Battery-powered manned eVTOL aircraft intended to operate to and from urban vertiports have a sharply limited energy budget, so designing energy-efficient flight profiles for them is obviously important – and if those profiles can also improve passenger comfort and safety at the same time, so much the better (writes Peter Donaldson).

That is what a team of Chinese engineers set out to do for the Commercial Aircraft Corporation of China (COMAC) ET120, a half-scale demonstrator for a lift/cruise eVTOL machine intended to carry four people or so, focusing on a new energy-efficient landing profile.

The ET120 has eight lift rotors in four pairs on two longitudinal booms above the high aspect-ratio wing, and a pusher propeller mounted behind the cabin and above the low set tail boom, which ends in a T-tail.

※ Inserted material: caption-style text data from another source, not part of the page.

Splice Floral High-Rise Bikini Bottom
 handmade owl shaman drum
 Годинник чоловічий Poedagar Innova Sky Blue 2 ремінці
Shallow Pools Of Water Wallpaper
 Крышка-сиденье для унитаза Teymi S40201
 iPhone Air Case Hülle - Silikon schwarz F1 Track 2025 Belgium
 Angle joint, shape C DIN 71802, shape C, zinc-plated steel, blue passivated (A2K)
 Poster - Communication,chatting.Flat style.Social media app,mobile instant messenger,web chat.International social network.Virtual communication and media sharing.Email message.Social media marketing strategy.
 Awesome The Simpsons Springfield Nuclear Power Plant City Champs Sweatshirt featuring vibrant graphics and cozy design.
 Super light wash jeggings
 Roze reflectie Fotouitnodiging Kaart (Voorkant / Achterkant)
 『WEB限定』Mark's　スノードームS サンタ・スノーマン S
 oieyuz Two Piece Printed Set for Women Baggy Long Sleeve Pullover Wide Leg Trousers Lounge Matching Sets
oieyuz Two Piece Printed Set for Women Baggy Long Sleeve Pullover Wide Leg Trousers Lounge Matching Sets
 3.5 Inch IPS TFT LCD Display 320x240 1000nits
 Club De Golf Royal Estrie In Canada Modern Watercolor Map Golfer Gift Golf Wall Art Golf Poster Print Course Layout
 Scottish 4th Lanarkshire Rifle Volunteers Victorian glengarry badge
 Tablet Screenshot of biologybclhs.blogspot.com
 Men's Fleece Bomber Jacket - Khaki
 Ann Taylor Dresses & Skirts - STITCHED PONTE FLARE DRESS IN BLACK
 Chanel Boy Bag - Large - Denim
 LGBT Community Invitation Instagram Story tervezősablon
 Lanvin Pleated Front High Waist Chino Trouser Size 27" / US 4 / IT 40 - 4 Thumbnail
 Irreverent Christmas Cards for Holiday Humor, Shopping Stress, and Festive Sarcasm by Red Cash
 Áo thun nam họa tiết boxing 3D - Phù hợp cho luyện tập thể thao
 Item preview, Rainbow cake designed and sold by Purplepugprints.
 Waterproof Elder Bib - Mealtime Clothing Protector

The team, from the School of Aerospace Engineering at the Nanjing University of Aeronautics & Astronautics, the COMAC Beijing Aircraft Technology Research Institute and the School of Aerospace Engineering in Shenyang Aerospace University, came up with an alternative to the climb-to-decelerate and stall-to-decelerate manoeuvres that immediately precede the vertical approach to touchdown in many eVTOL landing profiles.

The profiles were originally developed for use in small uncrewed aircraft, to which they are well-suited. For manned  eVTOL machines however, they are too energy-hungry, uncomfortable for passengers and potentially dangerous. The new profile the team developed replaces the climb-to-decelerate manoeuvre used by the ET120 with a rolling manoeuvre in the horizontal plane.

In the original profile, the landing process starts from the cruise in level flight. When the auto-land function is engaged, the system switches off the propulsion motor and pitches up to convert speed into altitude, then switches on the lift motors before entering a hover above the touchdown point and making a vertical descent.

That however occupies a lot of airspace in high-traffic areas, while gaining altitude before landing goes against common sense, and the climb consumes energy unnecessarily and gives the rotors more work to do in the descent. It is also uncomfortable for passengers.

Instead, the new profile uses a five-stage spiral approach, with banked turns to bleed off the speed while suppressing the tendency to climb.

Stage 1 brings the aircraft close to the pad and turns it into a loiter circle at constant airspeed and altitude.

In stage 2 it starts to decelerate, switching off the thrust motor and briefly entering a wing-borne glide while maintaining altitude. It uses drag to reduce airspeed and a fixed bank angle to spiral in towards the landing pad.

At the start of stage 3 the craft is still at medium airspeed, and wing efficiency is much greater than rotor efficiency when the rotors are switched on and brought up to 30% of maximum rpm. It continues to maintain altitude while losing airspeed in its banked turn, ending the stage when the pitch angle reaches a predetermined value.

At stage 4 the aircraft is in the mid-to-low-airspeed regime, and wing and rotor efficiency are equal. The lift rotors are brought up to 60%, giving them control of the altitude, and the stage ends when airspeed drops below 5 m/s.

In stage 5 the vehicle is in the hover to prepare for a vertical descent to touchdown.

To ensure stability through the manoeuvre, the autopilot logic uses L1 adaptive control to cope with the uncertainties occasioned by the aircraft’s complex transitional aerodynamics.

As well as a smooth, comfortable flight that avoids potentially dangerous attitudes, the team says this landing profile also reduces the rotors’ workload in the hover by 64% – a worthwhile energy saving in an electric aircraft.